Saturday, July 20, 2013

Kejutan Pak Andi

Rumah kosong didepan rumahku sudah ditempati. Penghuninya seorang duda beranak dua. Dari berita yang kudengar, usianya 46 tahun. Terpaut 18 tahun dari usiaku.

“permisi, mbak…” terdengar suaranya dari luar. Aku bergegas menuju pintu depan. Kudapati ia tersenyum disana. Manis sekali.

“Ayo dong, dek.. dikasihkan ke mbaknya…” bisiknya kepada seorang anak perempuan yang menenteng nampan.

“Ini, mbak…” Katanya malu-malu.

“Wah.

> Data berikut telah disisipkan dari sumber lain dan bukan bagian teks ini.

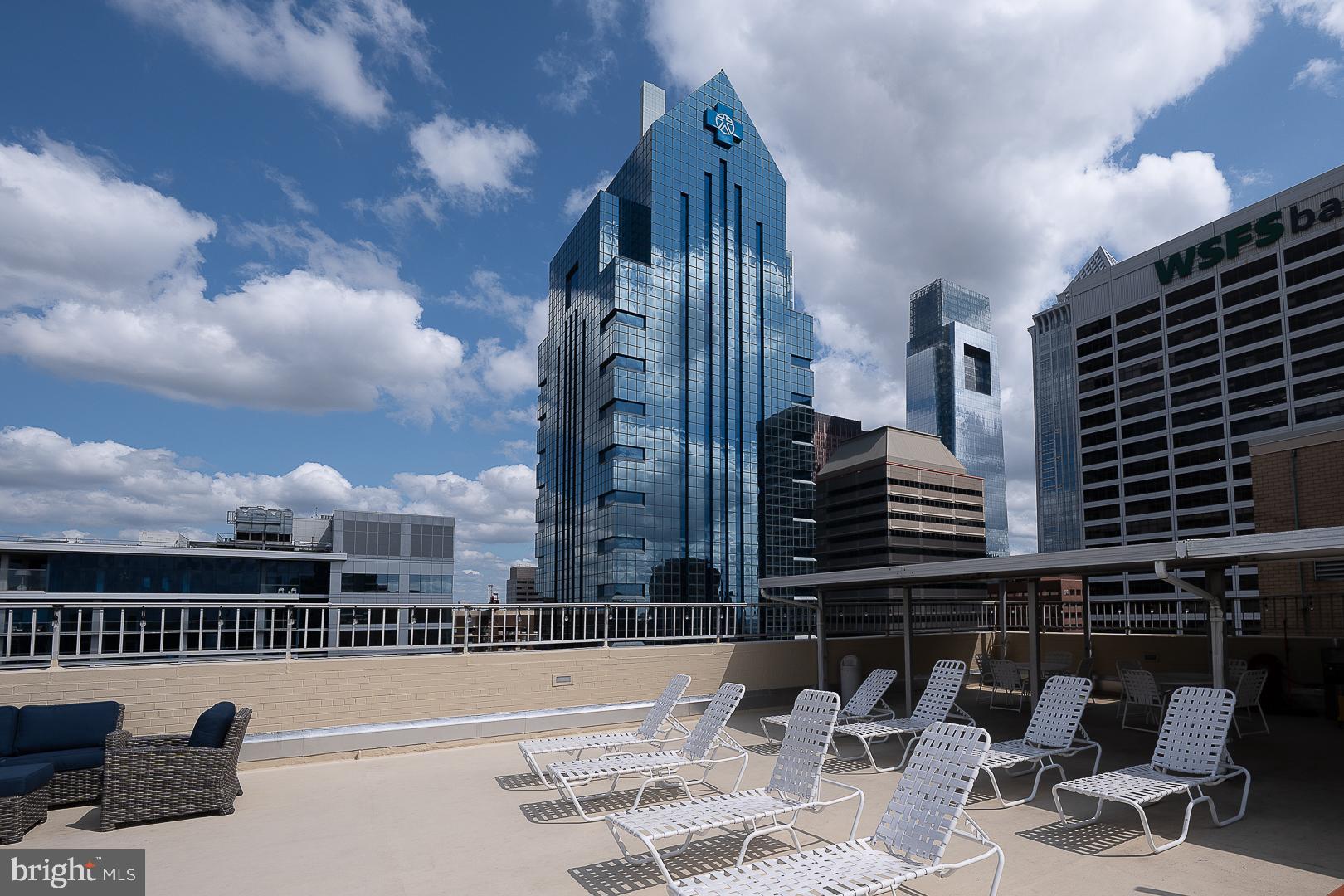 1919 Chestnut Street, Unit 2822 Philadelphia, PA 19103 - Photo 30 of 36 a view of a patio with a table and chairs and potted plants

Terima kasih. Siapa yang buat takjilnya?” Kataku seraya menyilahkan mereka masuk ke ruang tamu.

“Ini adek dan kakak yang buat, mbak…” jawab putri kecil itu malu-malu.

“Keroyokan bertiga, mbak. Mohon maaf kalo hasilnya gak memuaskan. Maklum, pada puasa. Gak ada yang nyicip” sambung pak Andi ramah. Ia tersenyum lagi.

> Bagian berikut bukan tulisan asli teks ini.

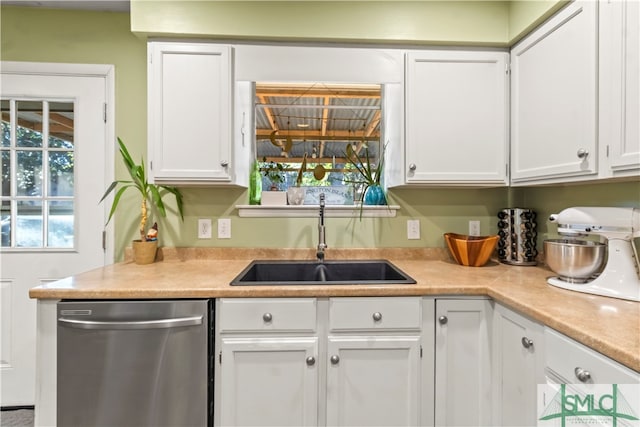 kitchen with stainless steel dishwasher, white cabinets, and sink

“Makasi banyak lho, pak. Gak masuk dulu? Didalam ada ibu…” kataku.

“Oh, tidak mengapa. Terima kasih. Bentar lagi buka, kan? Dirumah kakaknya sendirian..” tolaknya halus. Putrinya melambaikan tangan ke arahku. Ah, manis sekali.

***

Kini genap enam bulan sudah kami bertetangga. Layaknya tetangga, kami sering bersapa jika kebetulan keduanya berada diberanda. Tak jarang saling bertukar isi piring jika kebetulan memasak sesuatu yang beda. Sejauh ini, terlihat pak Andi orang yang amat bertanggung jawab kepada keluarga. Tak pernah terdengar sekalipun suaranya meninggi kepada kedua anaknya. Seperti rutinitas, setiap sore Senin, Rabu dan Jum’at mereka pasti keluar bersama. Jalan-jalan sore katanya. Pemandangan yang paling aku suka, jika ternyata putrinya tertidur di jok depan motornya sehingga dia harus menggendongnya kedalam rumah.

Duh.

Aku jadi teringat almarhum ayah. Penyayang dan penyabar luar biasa. Jaman sekarang, mana ada lelaki yang begitu. Banyakan yang egois. Mau menang sendiri. Apalagi jika sudah mapan. Huh.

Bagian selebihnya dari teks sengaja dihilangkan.